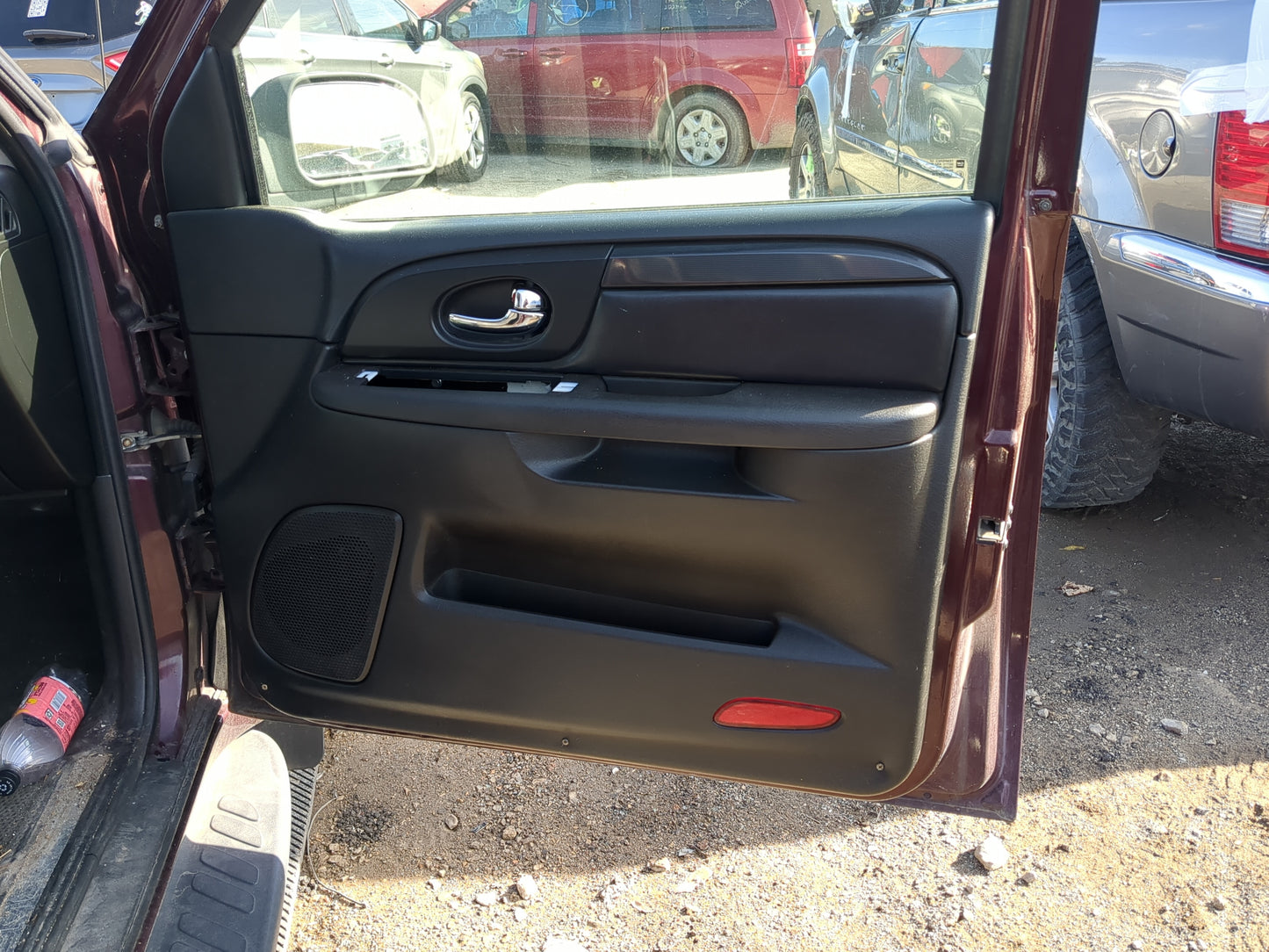 2006 Gmc Envoy Xl Front Right Passenger Interior Door Panel Trim - Oemusedautoparts1.com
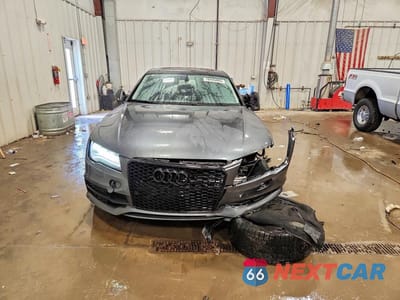 Piąte zdjęcie samochodu w środku: 2014 AUDI A7 PRESTIGE VIN:WAU2GAFCXEN104434 - miniatura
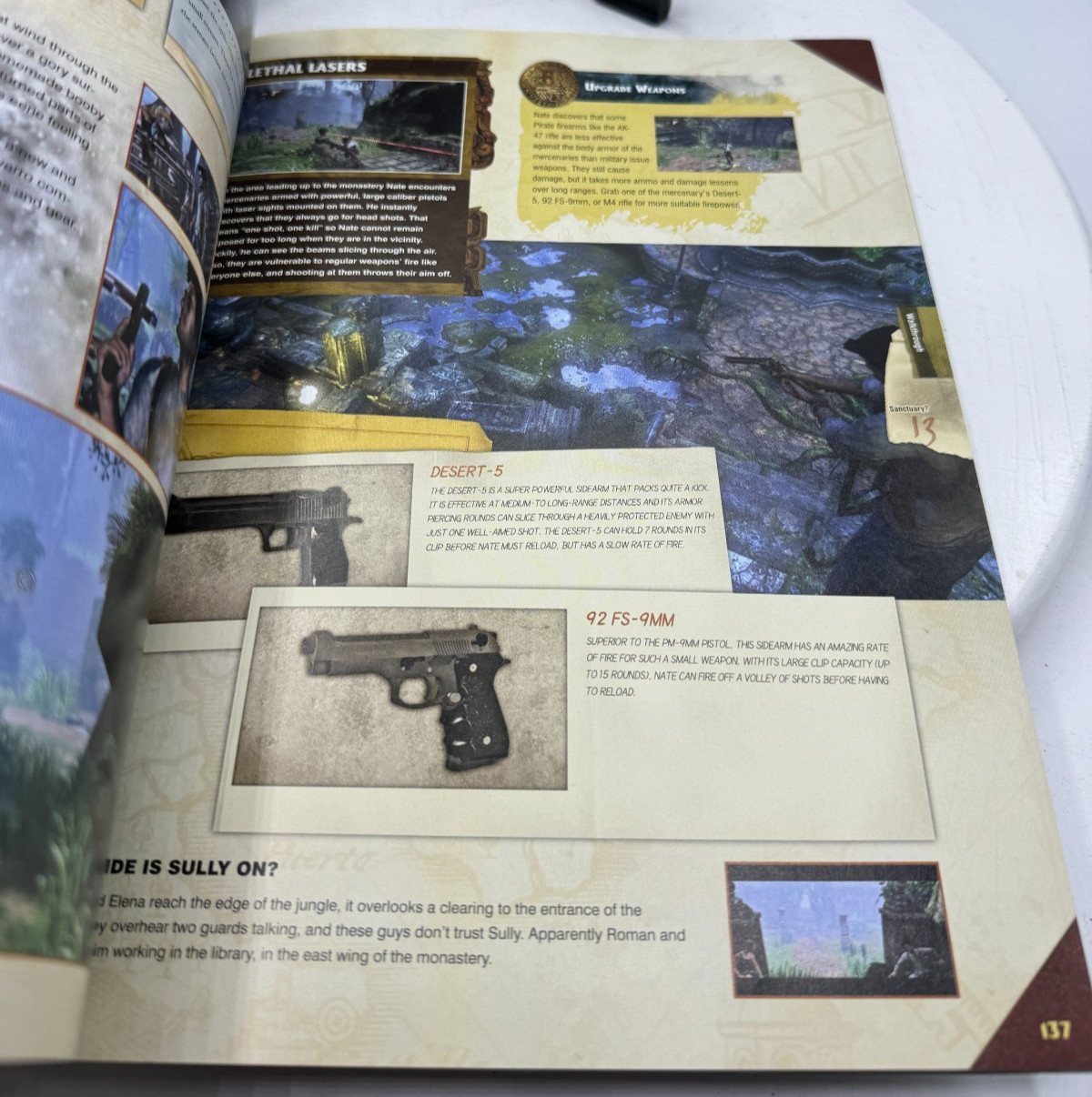 Uncharted Drakes Fortune Bradygames Signature Series Strategy Guide w/ Poster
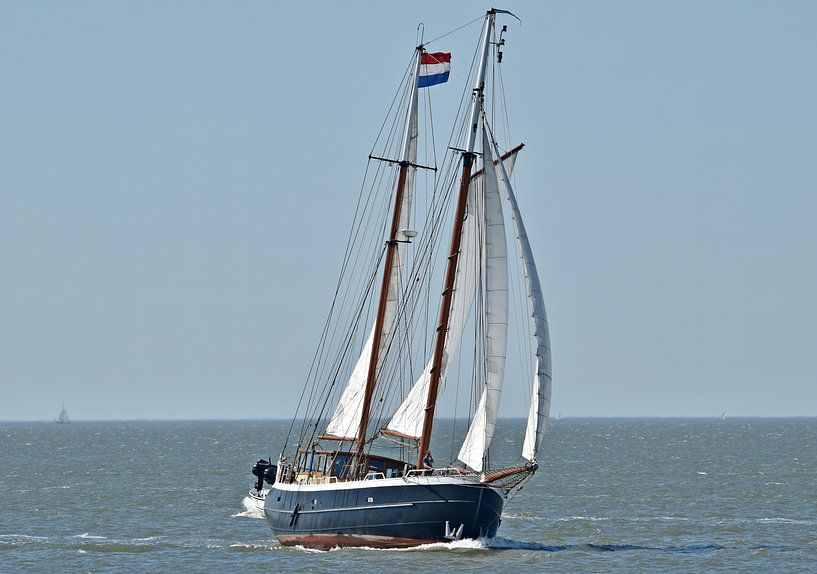 Het zeilschip de Norn onder zeil van Piet Kooistra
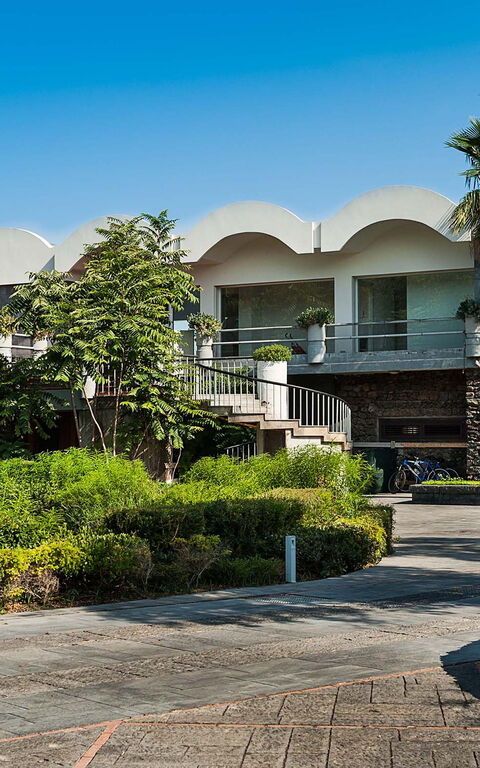 Galatea: Buitenkanten, Buitenshuis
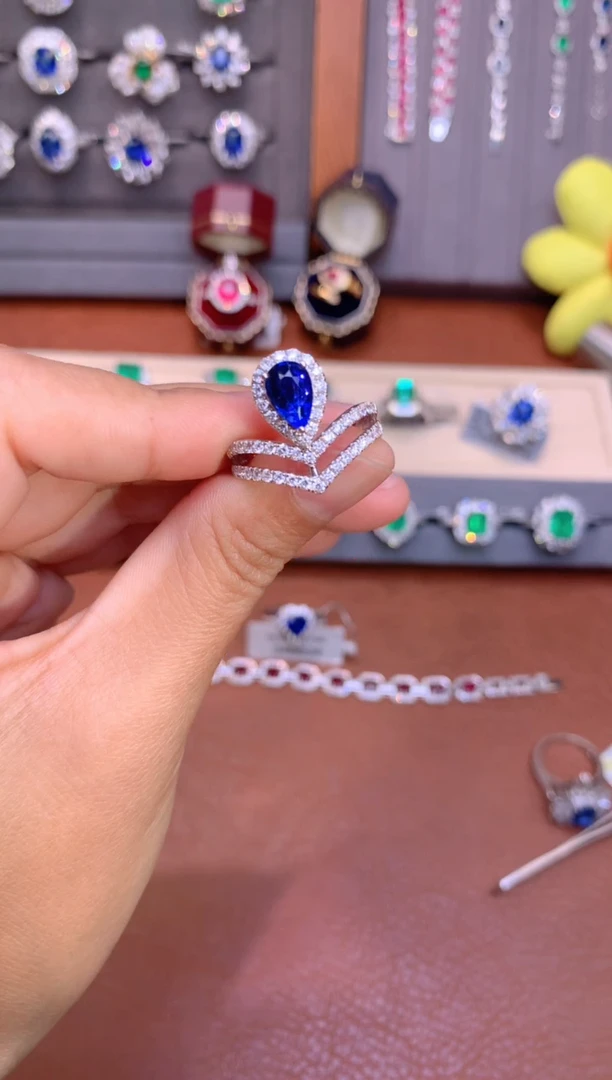 【闪购商品】蓝宝石戒指18K金镶嵌1.57CT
++++
→ **ACTIVITY**: Output the data above exactly, excluding images.

→ **FINISHED TASK**:
 2006 Gmc Envoy Xl Front Right Passenger Interior Door Panel Trim - Oemusedautoparts1.com
 Piąte zdjęcie samochodu w środku: 2014 AUDI A7 PRESTIGE VIN:WAU2GAFCXEN104434 - miniatura
 Uncharted Drakes Fortune Bradygames Signature Series Strategy Guide w/ Poster
 Het zeilschip de Norn onder zeil van Piet Kooistra
 Galatea: Buitenkanten, Buitenshuis
 【闪购商品】蓝宝石戒指18K金镶嵌1.57CT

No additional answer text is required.